Alfredo sonrió y extendió las manos.

– Un poco demasiado directo, signor. No puedo decirle el nombre ahora… Pero, por supuesto, a su debido tiempo…

– ¿Y cuál es el trato?

– Dieciséis mil cruceros. Casi seis mil esterlinas, si lo prefiere usted.

Palieski volvió a la barandilla. ¡Seis mil libras esterlinas! Suficiente, supuso, para mantener un palazzo toda la vida, con un gondolero aguardando permanentemente. Menos de lo que el sultán gastaba en un mes en velas, también, sin duda.

– No quiero influir en usted -comentó Alfredo-. Créame, comprendo que es un montón de dinero. Pero mi patrón ha vendido muchos cuadros por bastante más. Bellini no está de moda, para ser sincero. Tiepolo, Tiziano, Veronese… muy bien. Vendimos un Tiziano, el año pasado, a un inglés por quince mil libras.

Palieski asintió imperceptiblemente. Había hecho algunos deberes. Alfredo decía la verdad.

– Las modas cambian -observó el tratante-. Canaletto, antaño, dos mil, tres mil. Ahora puede usted comprarlo por ochocientas. Siempre hay otro, si se pierde uno. -Se encogió de hombros-. Pero un Bellini… Eso, signor Brett, puede usted comprarlo sólo una vez. Si me lo permite, lo dejaré con sus pensamientos. Puede usted encontrarme en el pequeño bar de Costa… está cerca del final, bajando por una escalera. La tarde se está enfriando.

Se estrecharon las manos.

– Gracias, Alfredo. Déme cinco minutos.

Los italianos, pensó para sí, siempre temerosos del frío. Luego recordó algo en lo que no había pensado en muchos años… Un compañero al que quería, un hombre que bromeaba y era generoso y que sabía luchar. Pero cuando Ranieri hubo perdido su caballo en la larga retirada, murió antes de que Palieski lo encontrara, rígido y azul, en la nieve rusa.
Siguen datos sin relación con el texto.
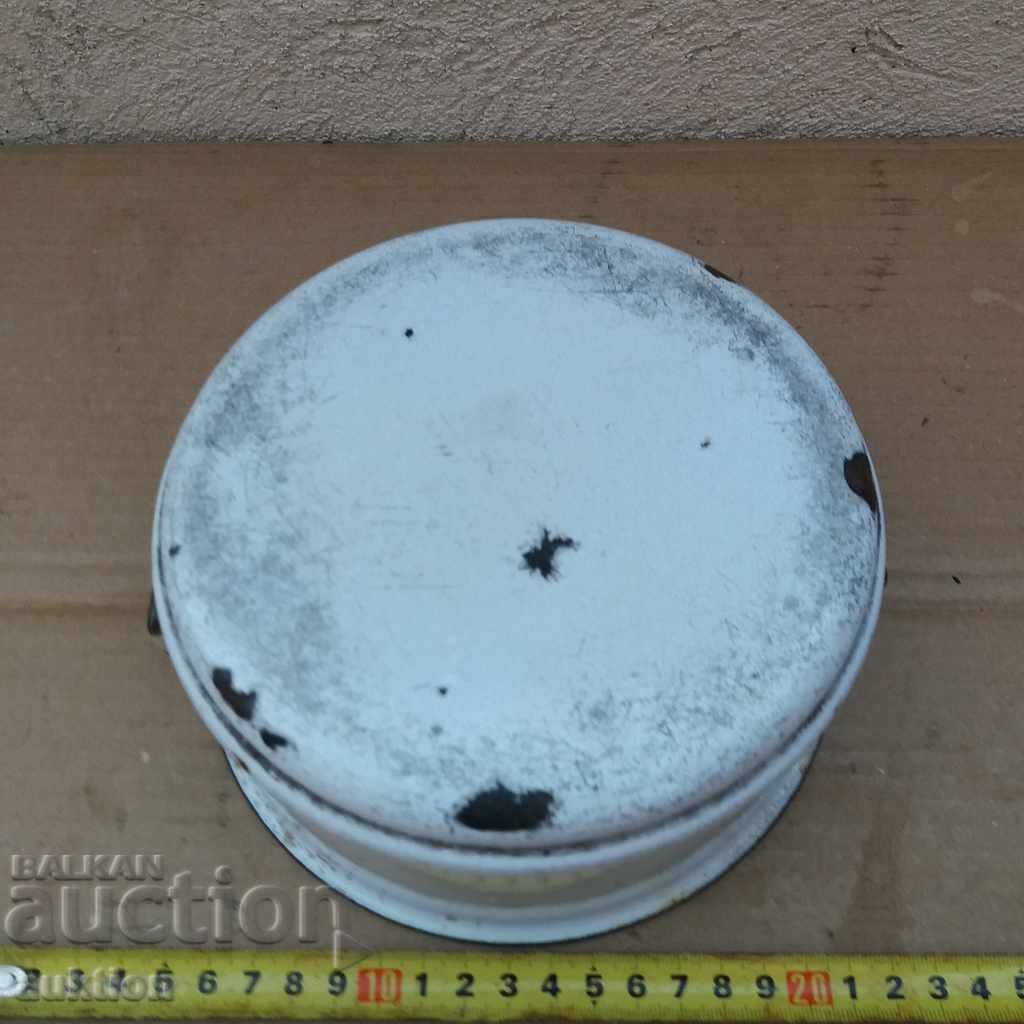 ENAMELED SOC. CUP, PANIC, TAS - 7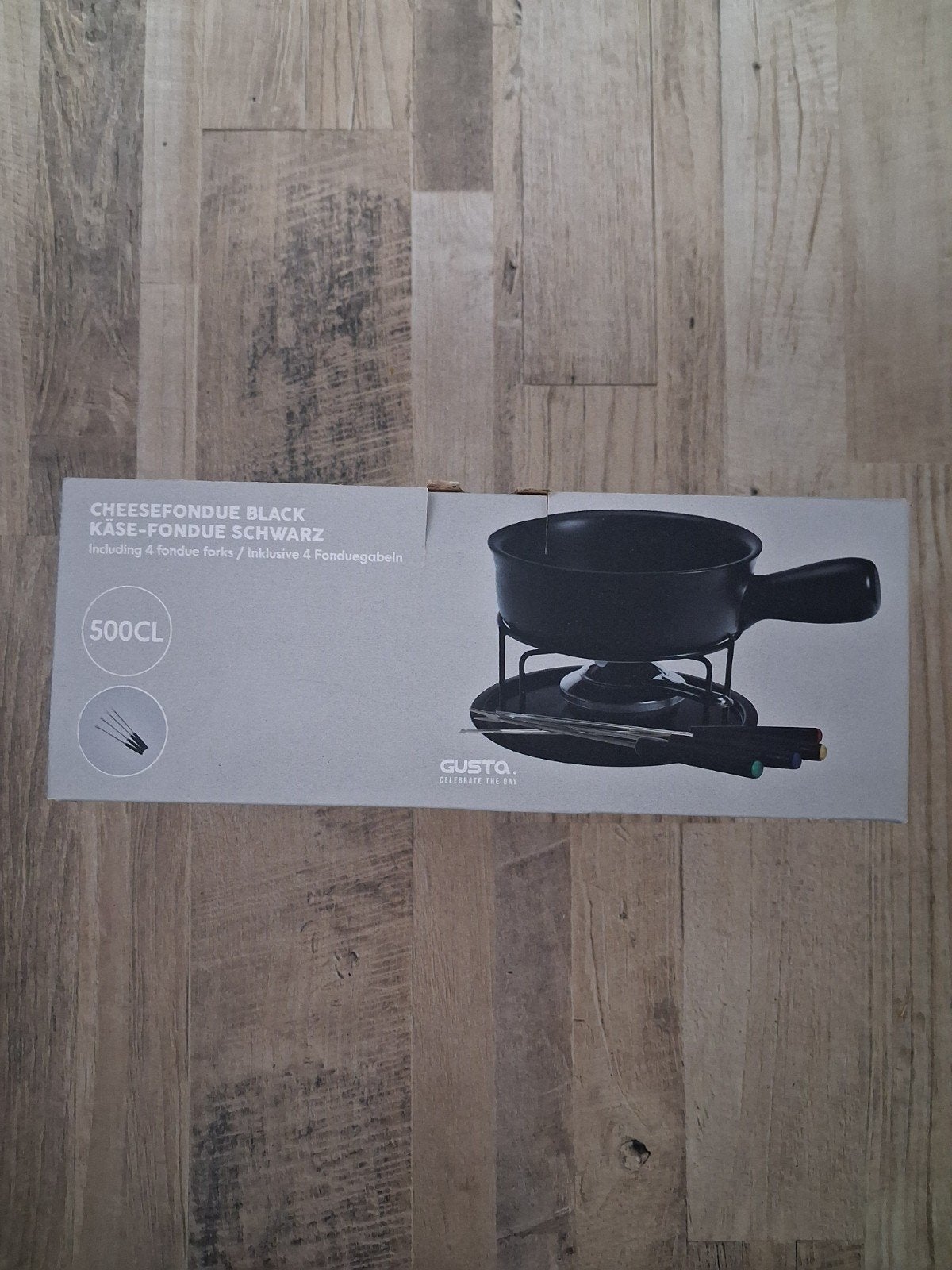 Gusto Kaasfondueset Zwart, Ophalen of Verzenden, Nieuw, Brander, Fondueset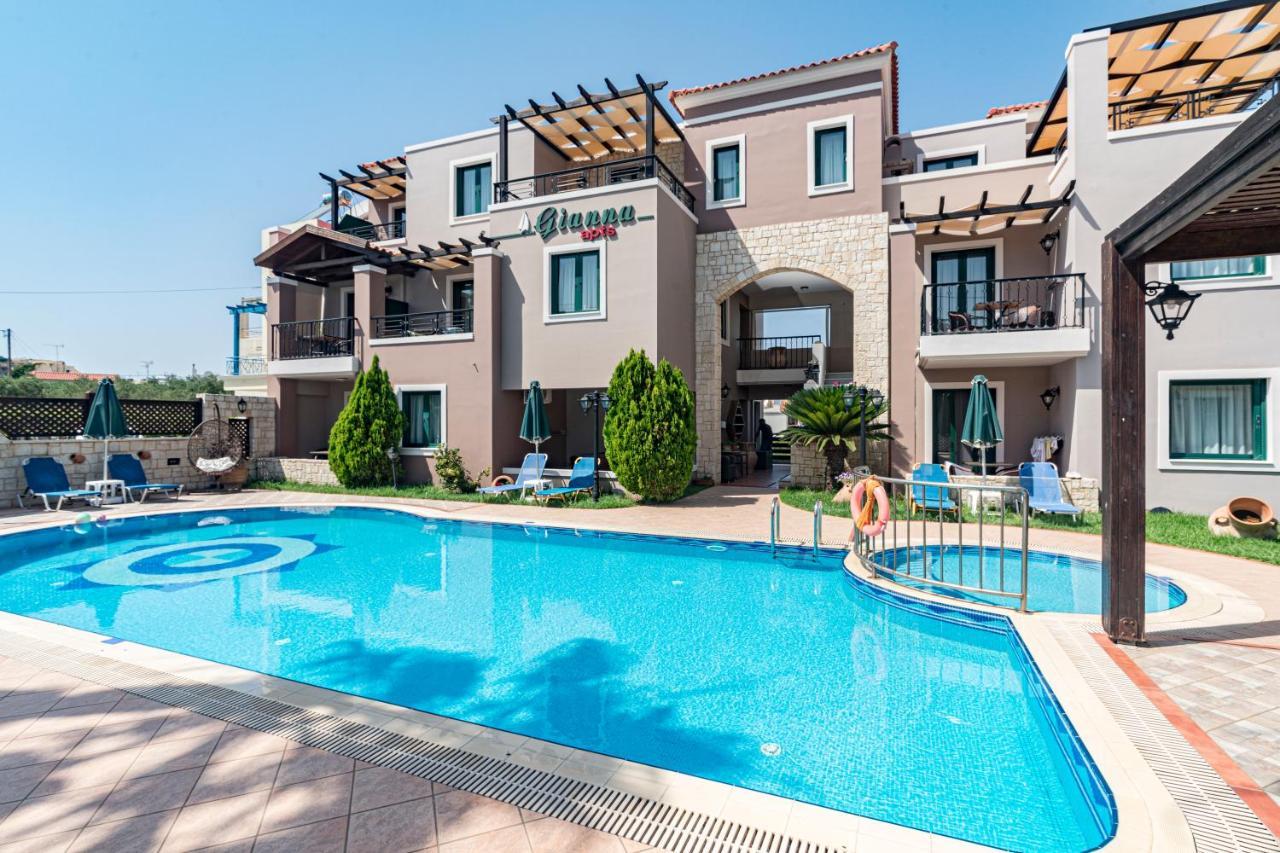 Gianna Apartments Almirida Dış mekan fotoğraf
Resopló y se apoyó en la barandilla. La luz del sol iba abandonando poco a poco La Giudecca, dejando en la sombra las agujas y las viejas y descoloridas fachadas de las casas. Una marea más gris estaba avanzando desde el este y las quietas aguas iban perdiendo sus destellos. Se instalaba la habitual luz grisácea que reina en todas las ciudades a principio del crepúsculo, cuando pierden su belleza y aún no han ganado la enjoyada y reluciente presencia de la noche.

Encorvó su cuerpo contra la baranda, pensando en otra época, cuando el sol sobre Italia había instigado promesas y esperanzas: las promesas de un tirano y las esperanzas de hombres sencillos. Él nunca había esperado volver, ¿verdad? Las gesticulaciones, y las imprecaciones, pronto olvidadas; el staccato musical del lenguaje, y, bajo sus manos, el desgarrador hueco de una espalda de mujer mientras caminaban juntos bajo las luces de la noche.

Ahora estaba de vuelta y pronto se marcharía.

Se ajustó el pañuelo al cuello, preguntándose si los italianos tendrían razón, y si había una frialdad en el crepúsculo.

Seis mil libras esterlinas. Yashim estaría encantado.

Y un hombre en una vinatería, dispuesto a negociar.

Stanislaw Palieski dio una golpecitos a la barandilla y regresó al Zattere, dirigiéndose a través de él hacia un cielo cada vez más oscuro.